Let \(N_a(T)\) denote the total pulls of arm \(a\) and \(N_a^{\text{exp}}(T)\), \(N_a^{\text{xpt}}(T)\) its decomposition into exploration and exploitation pulls.
Step 1: Exploration pulls contribute \(O(K \log T)\)
Each round contributes at most \(\varepsilon_t / K\) to \(\mathbb{E}[N_a^{\text{exp}}(T)]\), so
\[ \mathbb{E}[N_a^{\text{exp}}(T)] \le \frac{1}{K} \sum_{t=1}^{T} \varepsilon_t = \frac{1}{K} \sum_{t=1}^{T} \min\!\left\{ 1, \, \frac{cK}{d^2 t} \right\} \le \frac{c}{d^2} \log T + O(1). \]
These pulls cost \(\Delta_a \cdot \mathbb{E}[N_a^{\text{exp}}(T)] \le c \Delta_a \log T / d^2 \le c \log T / d\) in expectation, summing to \(O(K \log T / d)\) over suboptimal arms.
Step 2: Exploration is sufficient
The exploration component alone forces every arm to be pulled \(\Omega(\log t)\) times by round \(t\):
\[ \mathbb{E}[N_a^{\text{exp}}(t)] \ge \frac{c}{d^2} \log t - O(1). \]
Conditionally on this many pulls of arm \(a\), Hoeffding’s inequality gives
\[ \Pr\!\left[ \hat{\mu}_a(t) - \mu_a \ge \tfrac{\Delta_a}{2} \right] \le \exp(-\tfrac{1}{2} N_a^{\text{exp}}(t) \, \Delta_a^2) \le t^{-c \Delta_a^2 / (2 d^2)} \le t^{-c/2}. \]
The last step uses \(\Delta_a \ge d\). The same bound holds for the optimal arm with the inequality flipped. So with probability at least \(1 - 2 t^{-c/2}\), the empirical means satisfy
\[ \hat{\mu}_a(t) < \mu_a + \tfrac{\Delta_a}{2} < \mu^* - \tfrac{\Delta_a}{2} < \hat{\mu}_{a^*}(t), \]
and an exploitation step pulls \(a^*\) rather than \(a\).

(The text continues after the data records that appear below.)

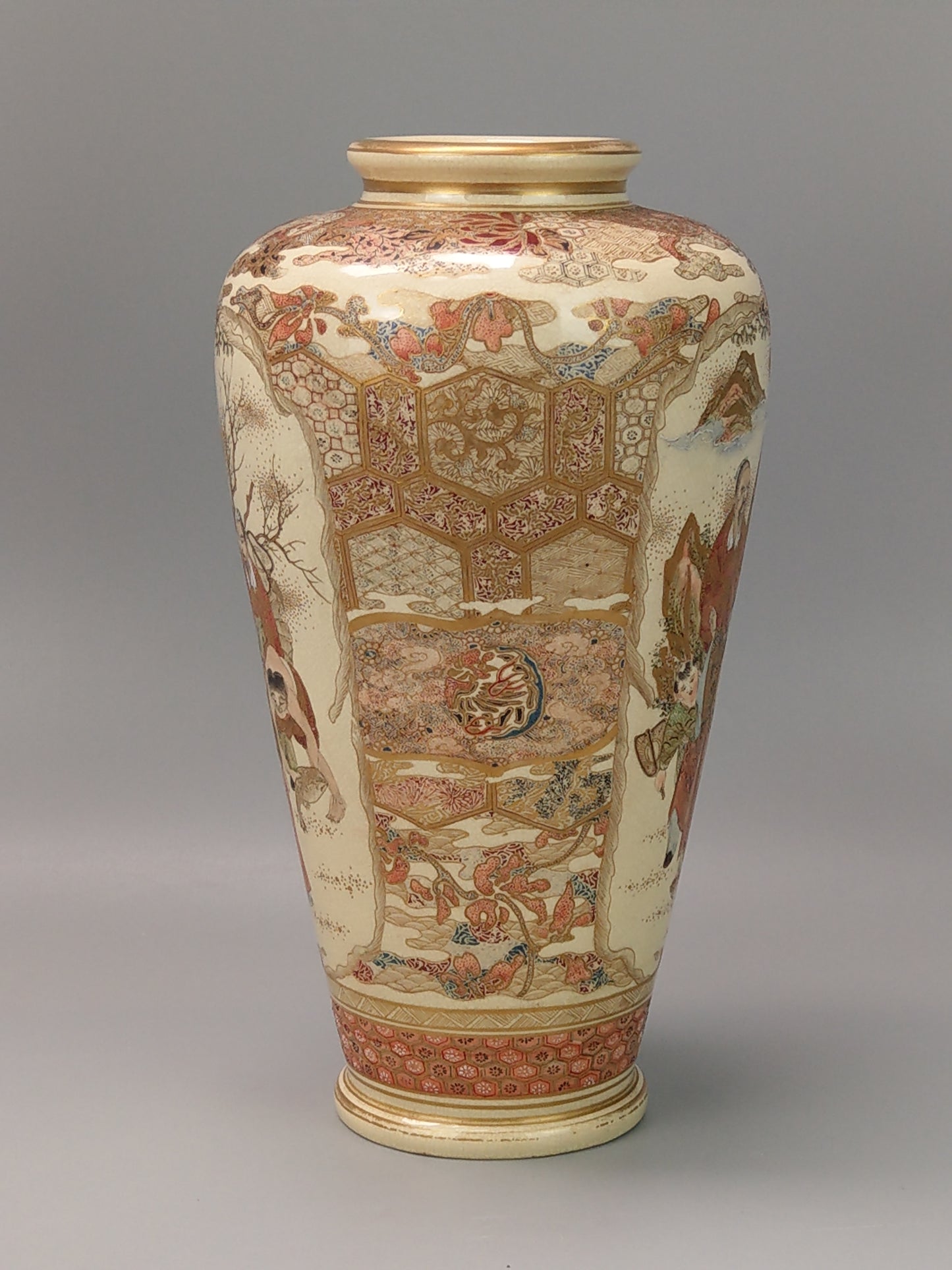 Pair Of large Japanese Satsuma Vases c1870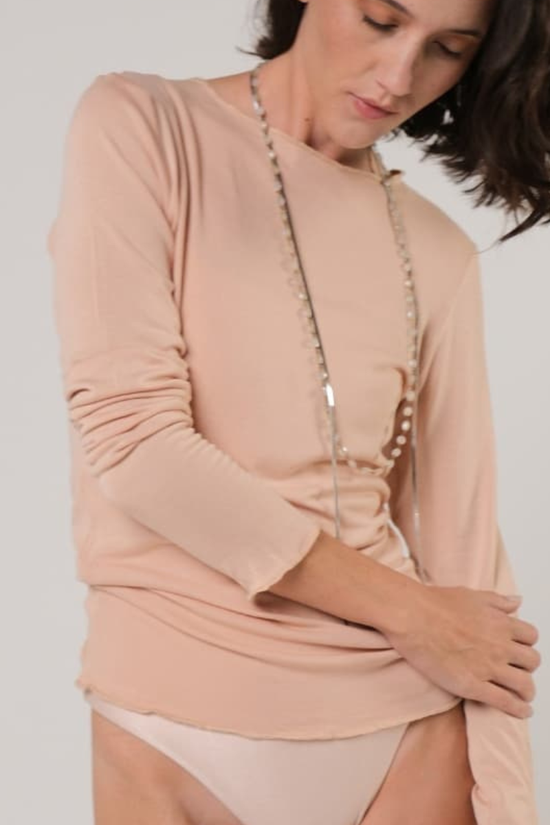 Blusa de Manga Longa Segunda Pele de Viscose Rosa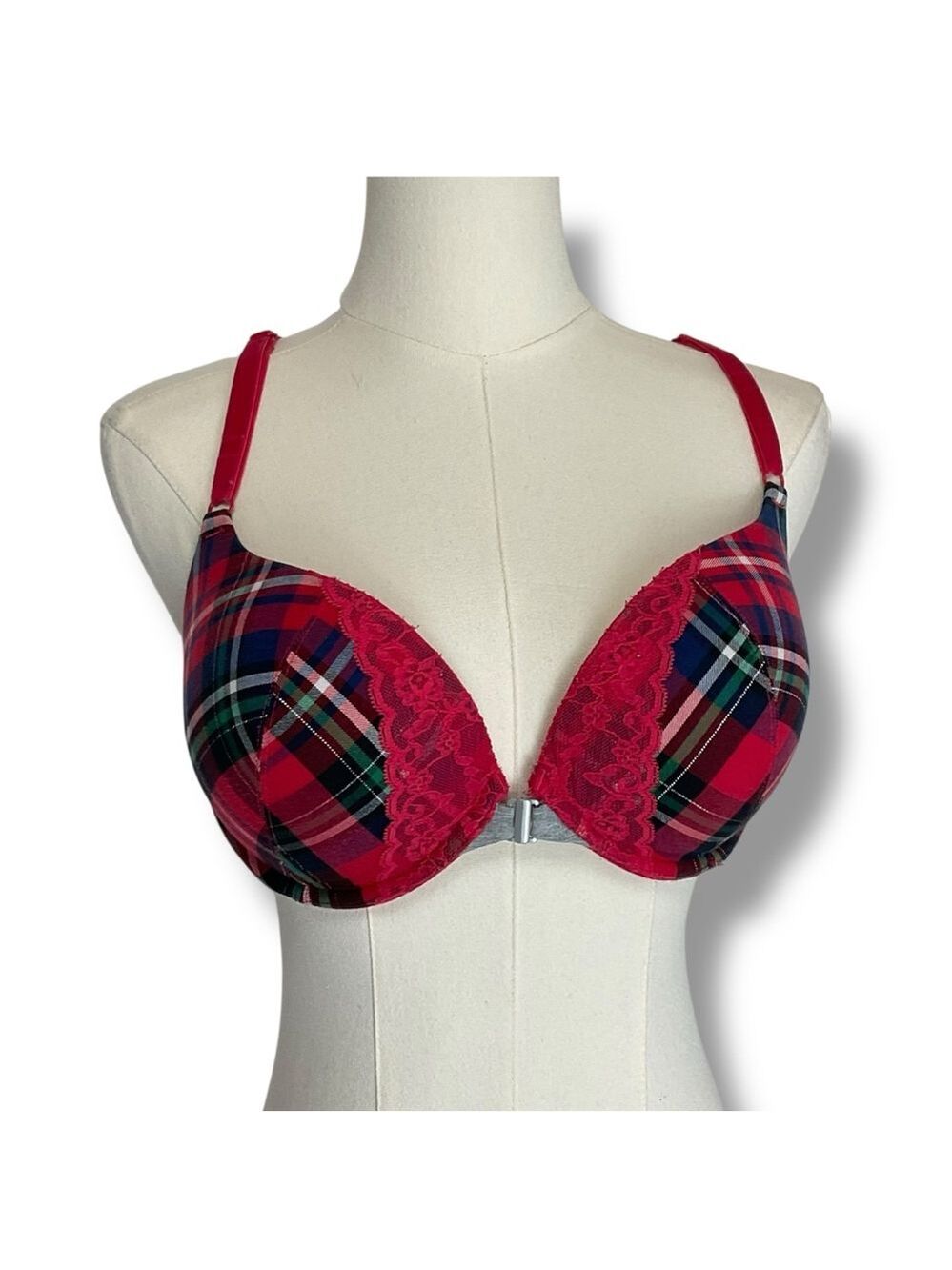 Victoria’s Secret Bra 38 C Red Tartan‎ Plaid Velvet Straps Front Closure Padded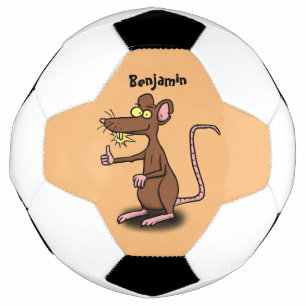 Ballon De Foot Un rat brun mignon pouce vers le haut dessin animé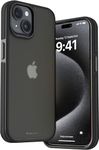 Vaku Luxos® Elemento Series Back Cover Case for iPhone 15 Plus Metal Frame Camera Bump Shockproof Scratch Resistant Slim Thin Military-Grade Protection- Black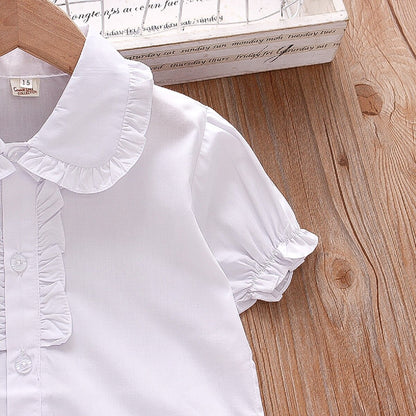 Сasual Blouse with Lace Lapels and Short Sleeves - White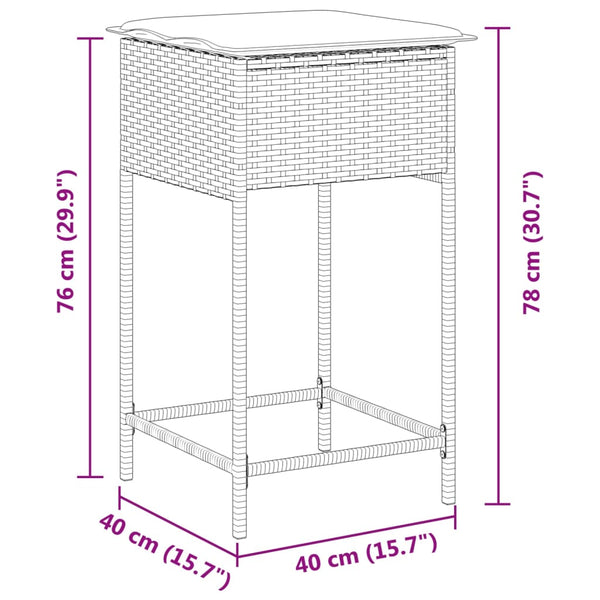 Poly Rattan Garten Barhocker mit Kissen, 2er-Set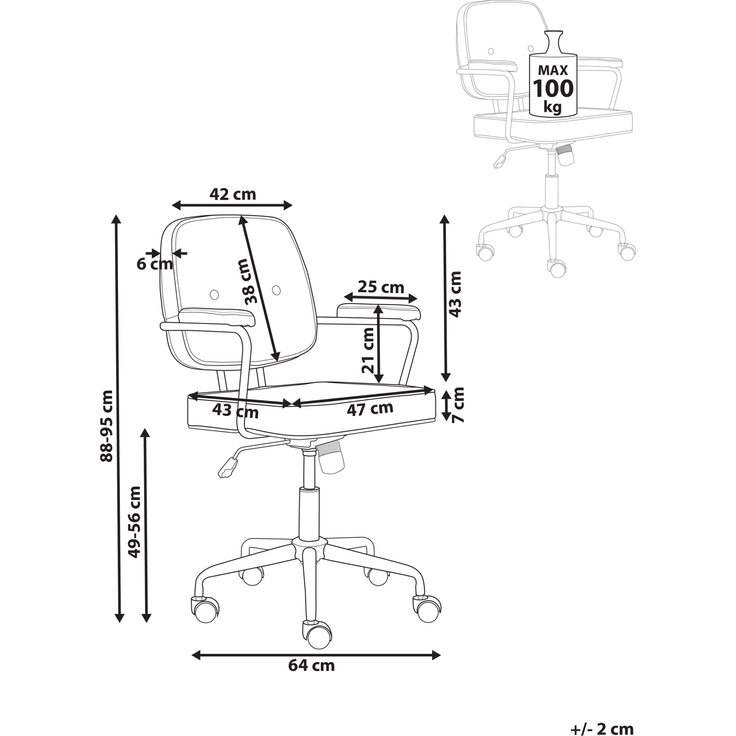 Schreibtischstuhl PAWNEE Stoff Goldbraun – Bild 2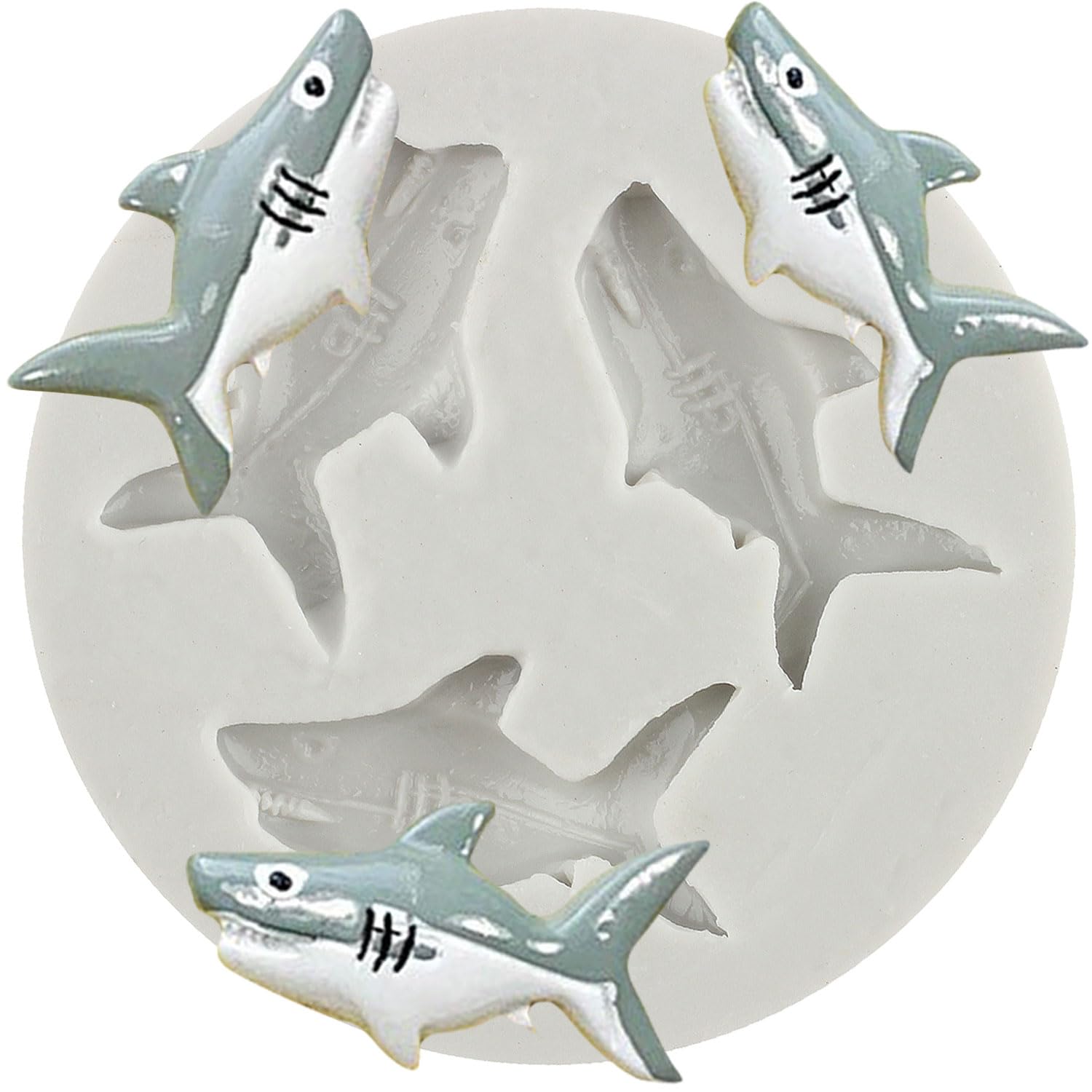 YANQINMS Ocean Shark Fondant Mold Sea Animal Silicone Mold Shark Chocolate Candy Mold For Cake Decorating Cupcake Topper Gum Paste Polymer Clay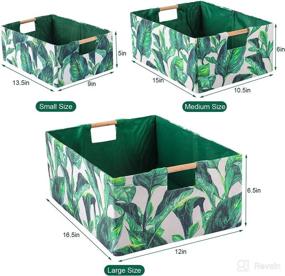 img 2 attached to ANMINY 2PCS Foldable Fabric Storage Bins with Wood Handles - Green Leaves, Large: Ideal Solution for Organizing Nursery, Baby, Kids Toys, Clothes, Towels, and Laundry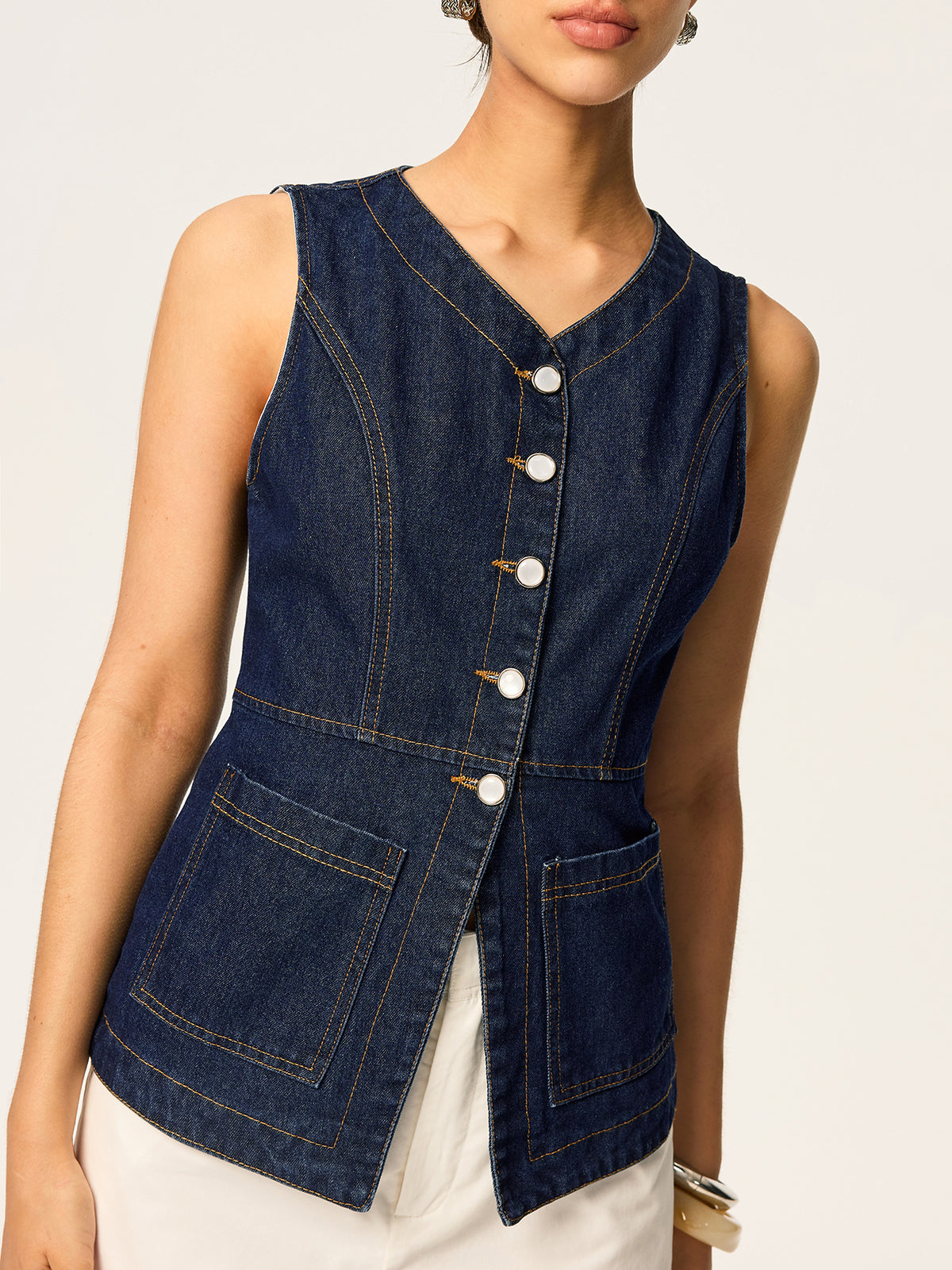 Denim Slim Button Sleeveless Vest-Chicvia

Step 3: Exploitation pulls of suboptimal arms
By Step 2, the probability that an exploitation step at round \(t\) pulls suboptimal arm \(a\) is at most \(2 t^{-c/2}\). Summing,
\[ \mathbb{E}[N_a^{\text{xpt}}(T)] \le 2 \sum_{t=1}^{T} t^{-c/2}. \]
For any \(c > 2\) this sum is \(O(1)\), so exploitation contributes only constant regret. Refining the analysis to \(c > 1\) requires a slightly more careful concentration bound but produces the same asymptotic conclusion.
Step 4: Combine
Total expected pulls of suboptimal arm \(a\) are
\[ \mathbb{E}[N_a(T)] = \mathbb{E}[N_a^{\text{exp}}(T)] + \mathbb{E}[N_a^{\text{xpt}}(T)] \le \frac{c}{d^2} \log T + O(1). \]
Summing \(\Delta_a \mathbb{E}[N_a(T)]\) over suboptimal arms gives
\[ \text{Regret}(T) \le \frac{c K}{d} \log T + O(K). \]
Remarks
- The schedule depends on the unknown minimum gap \(d\). Without prior knowledge of \(d\) the practical schedule \(\varepsilon_t = \min(1, cK/t)\) is used; its regret guarantee degrades to \(O(K \log T)\) with a constant that scales as \(1/d^2\).
- The result is asymptotically optimal in \(T\) but has worse constants than UCB1 and Thompson sampling. The reason is structural: \(\varepsilon\)-greedy explores uniformly across all arms, whereas UCB and Thompson sampling concentrate exploration on plausibly-best arms.
- A constant \(\varepsilon\) schedule has linear regret \(\Theta(\varepsilon T)\). The \(1/t\) decay is the slowest schedule that produces sublinear regret.